Nelson Hydro crews worked round-the-clock  to deal with trees on power lines following a June 29 storm.

Nelson Hydro crews worked round-the-clock to deal with trees on power lines following a June 29 storm.

Nelson Hydro’s storm repairs cost almost $1 million

Nelson Hydro spent between $800,000 and $900,000 on repairs after the recent windstorm.

Nelson Hydro spent between $800,000 and $900,000 on repairs after the recent windstorm.
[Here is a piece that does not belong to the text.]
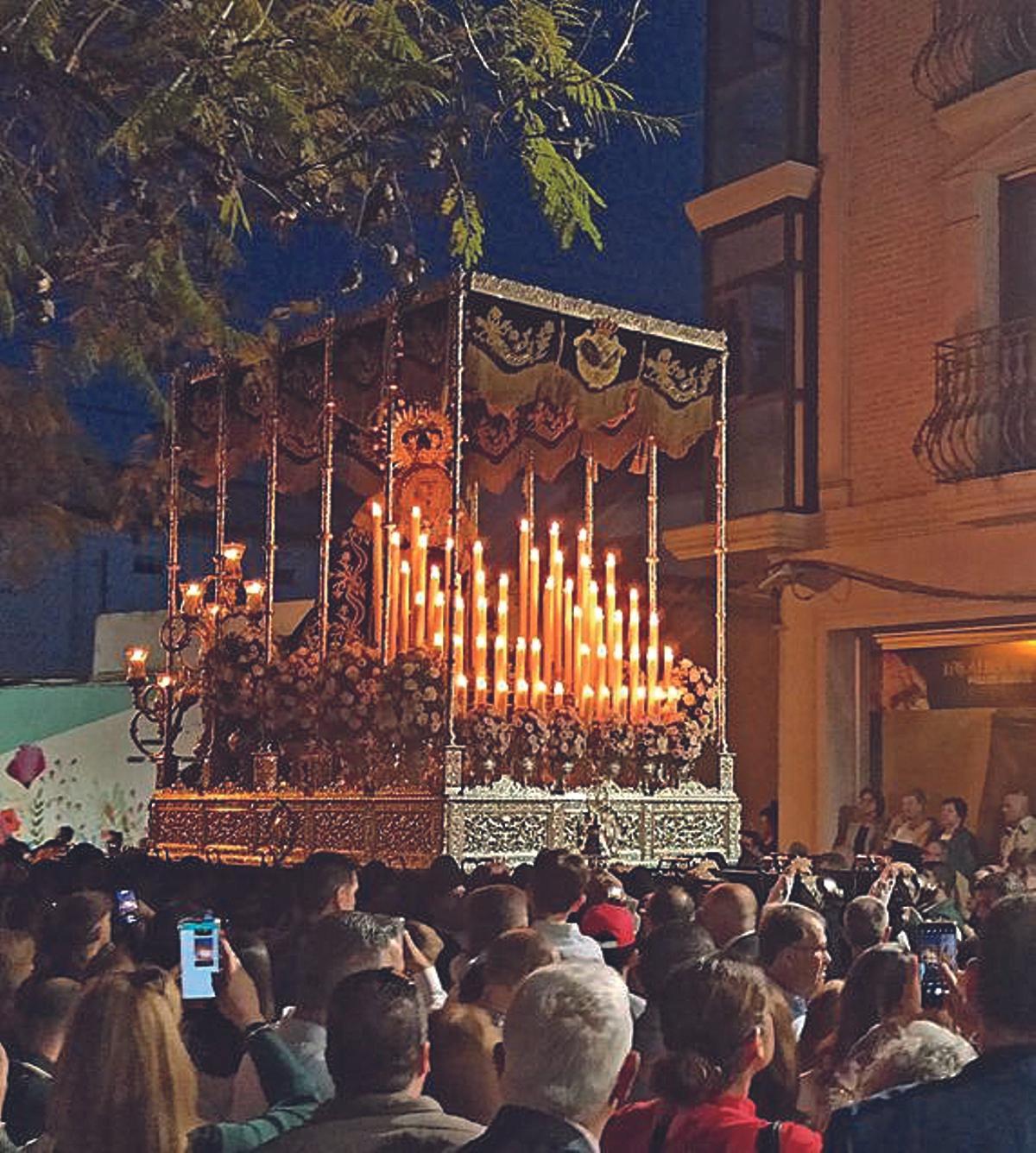 Virgen de la Soledad instantes previos a la calle Flores.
About $500,000 to $600,000 of that was for immediate emergency response during and immediately after the storm, and the rest is still being spent on more long-term matters, says Hydro’s Alex Love.

He said although there were some equipment costs, “the lion’s share is labour costs.”
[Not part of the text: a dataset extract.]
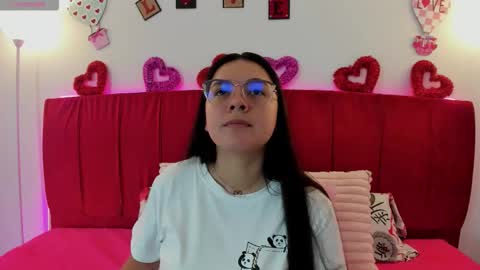 alice_summer1 online show from February 6, 7:50 pm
“It was definitely all hands on deck in the line department,” he said, “and we brought in several contractor crews, so we were definitely a bolstered work force, and some other staff were reallocated to assist in damage patrols.”

These expenses apply to Nelson Hydro only, and do not include costs incurred by public works crews cleaning up streets and parks. The city’s chief financial officer, Colin McClure, says those numbers are not yet finalized.

Love said Hydro is reviewing whether the costs will be covered by insurance, and he is looking into whether provincial emergency disaster funding might cover it.

He says the non-emergency work still being done (and included in the above-described costs) mostly involves replacing damaged poles or cross-arms, or dealing with leaning trees that would be brought down onto power lines by the next wind.

Love said the trees that were pruned last year, sometimes controversially, caused “minimal concerns and no damage” in the storm, reaffirming, that pruning was the right thing to do.

He said the extra costs this year are a concern and means they will be able to put less than usual into Hydro’s capital reserve.

“We have several million in our capital reserve and usually transfer about $2 million into it, but this year it will be less.

“It was a costly outage. I would be concerned if this happened yearly, but in the  seven years I have been here this is the first time. The utility is financially healthy enough that we can weather it on an occasional basis.”